Instructions for the task
Set down, please, the line that contains "微信截图_20230923152227.png" and every line that follows it to the end of the records, exactly; do not include pictures.

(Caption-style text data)
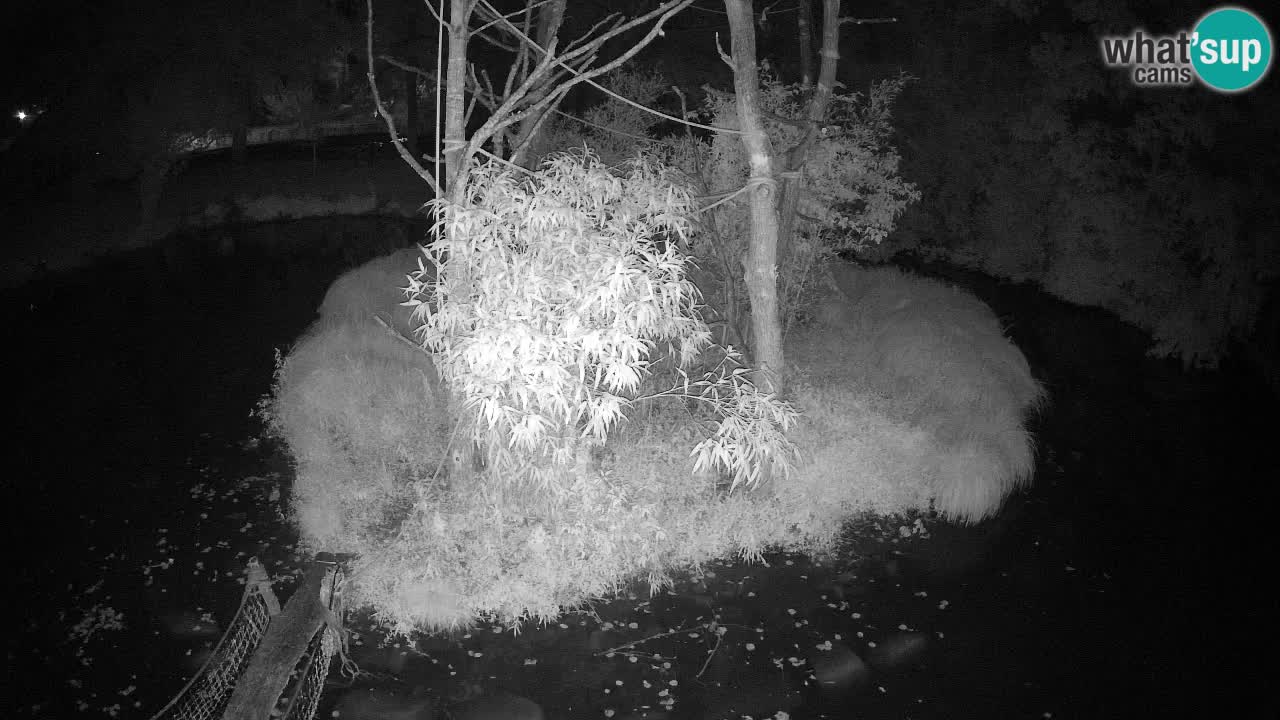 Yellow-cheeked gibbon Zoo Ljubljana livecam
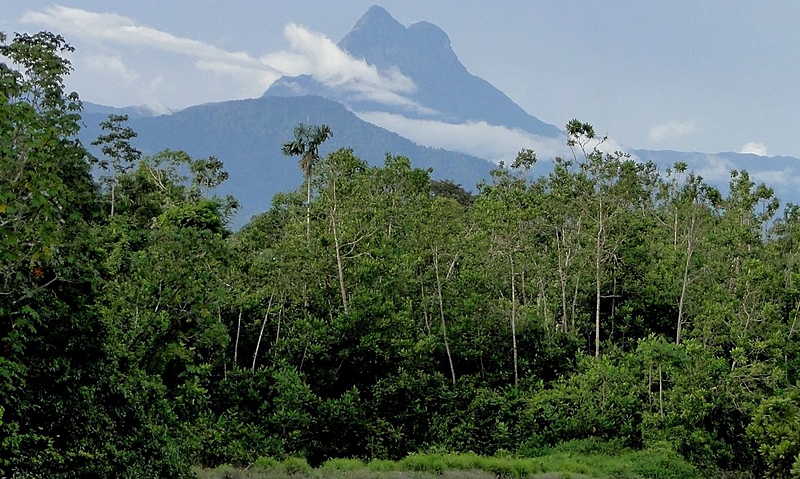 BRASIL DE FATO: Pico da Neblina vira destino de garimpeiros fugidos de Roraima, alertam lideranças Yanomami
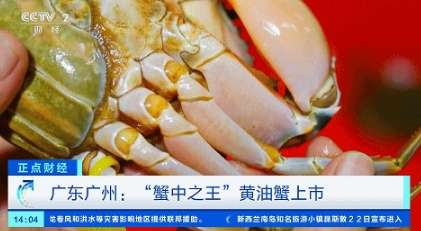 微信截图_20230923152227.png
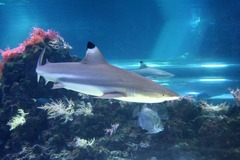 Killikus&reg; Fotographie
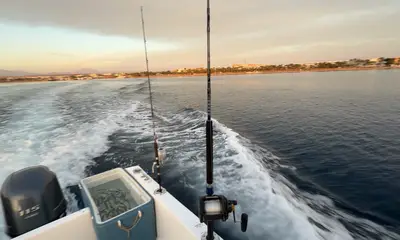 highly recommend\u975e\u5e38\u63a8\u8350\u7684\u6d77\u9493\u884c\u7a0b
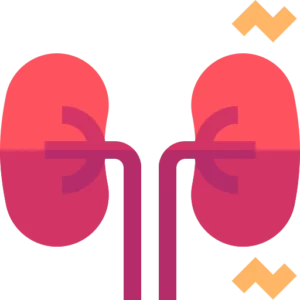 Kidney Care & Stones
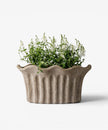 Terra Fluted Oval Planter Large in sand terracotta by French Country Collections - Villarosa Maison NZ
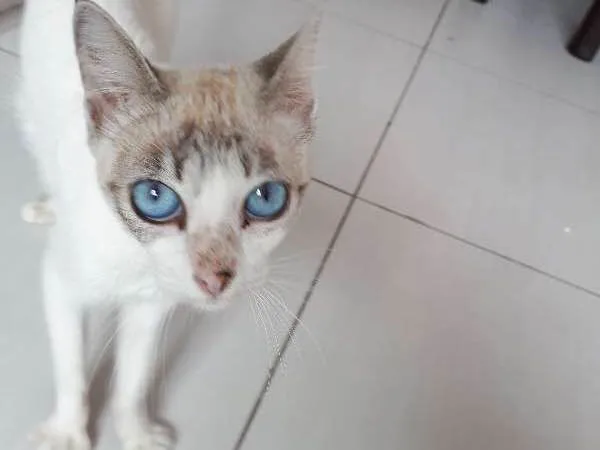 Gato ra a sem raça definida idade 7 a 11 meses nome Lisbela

Exercise result
 微信截图_20230923152227.png
 Killikus&reg; Fotographie
 highly recommend\u975e\u5e38\u63a8\u8350\u7684\u6d77\u9493\u884c\u7a0b
 Kidney Care & Stones
 Terra Fluted Oval Planter Large in sand terracotta by French Country Collections - Villarosa Maison NZ
 Gato ra a sem raça definida idade 7 a 11 meses nome Lisbela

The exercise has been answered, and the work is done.